Given material ::
▬▬▬▬▬▬

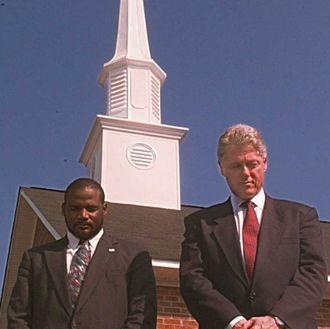 US President Bill Clinton (R) and Rev. Terrence Ma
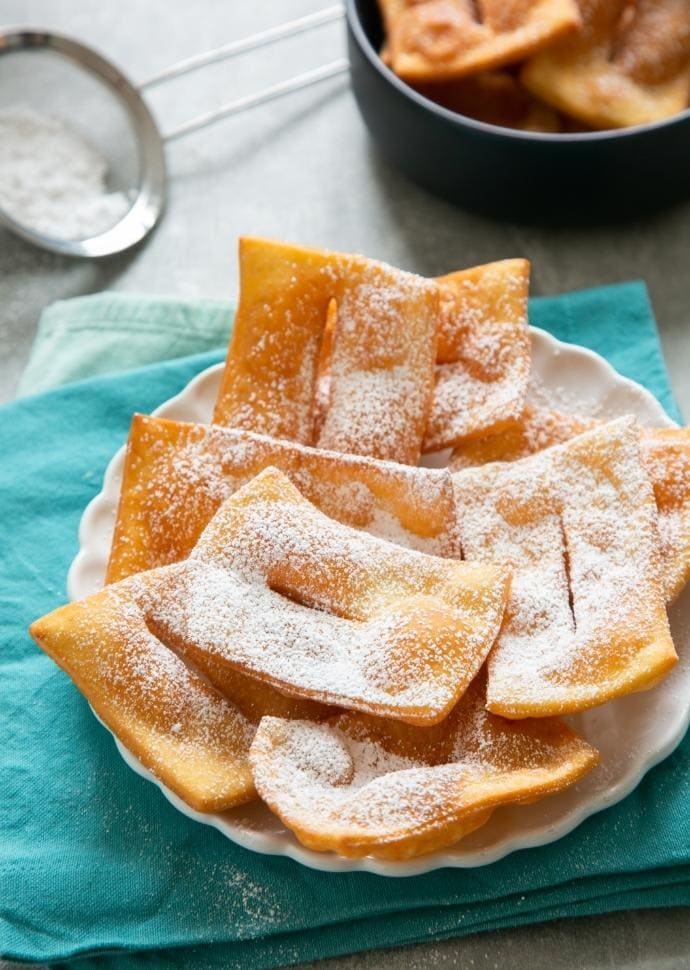 chiacchiere dusted with powdered sugar.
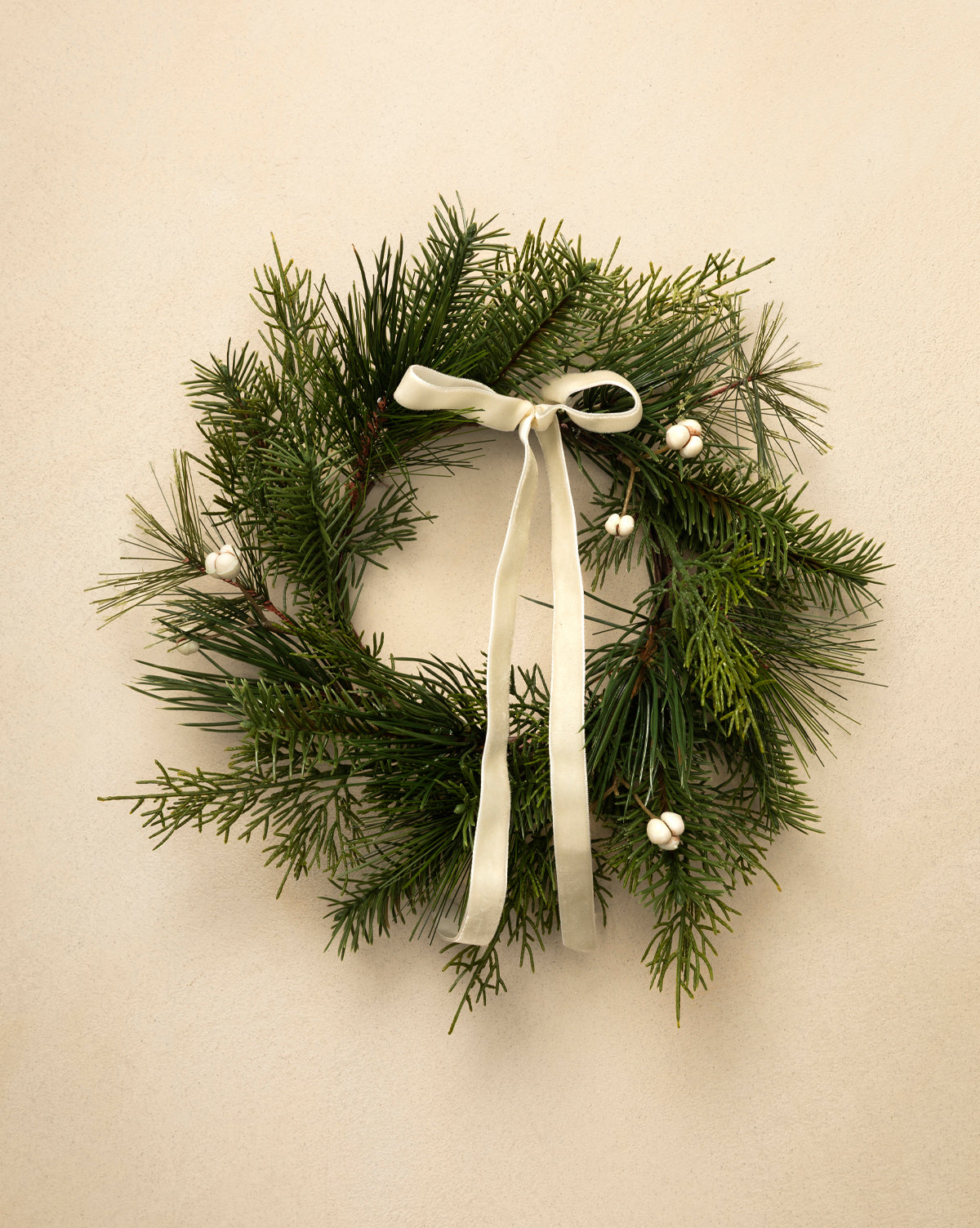 The 8" Pine Needle & Berry Faux Wreath, featuring small white berries and a white ribbon bow, adds a festive touch as it hangs on a light beige wall—ideal for holiday home decor, by Vendixs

▬▬▬▬▬▬

Exercise instructions ::
The data above must be copied exactly. Leave out the pictures.

Solution for this exercise ::
 US President Bill Clinton (R) and Rev. Terrence Ma
 chiacchiere dusted with powdered sugar.
 The 8" Pine Needle & Berry Faux Wreath, featuring small white berries and a white ribbon bow, adds a festive touch as it hangs on a light beige wall—ideal for holiday home decor, by Vendixs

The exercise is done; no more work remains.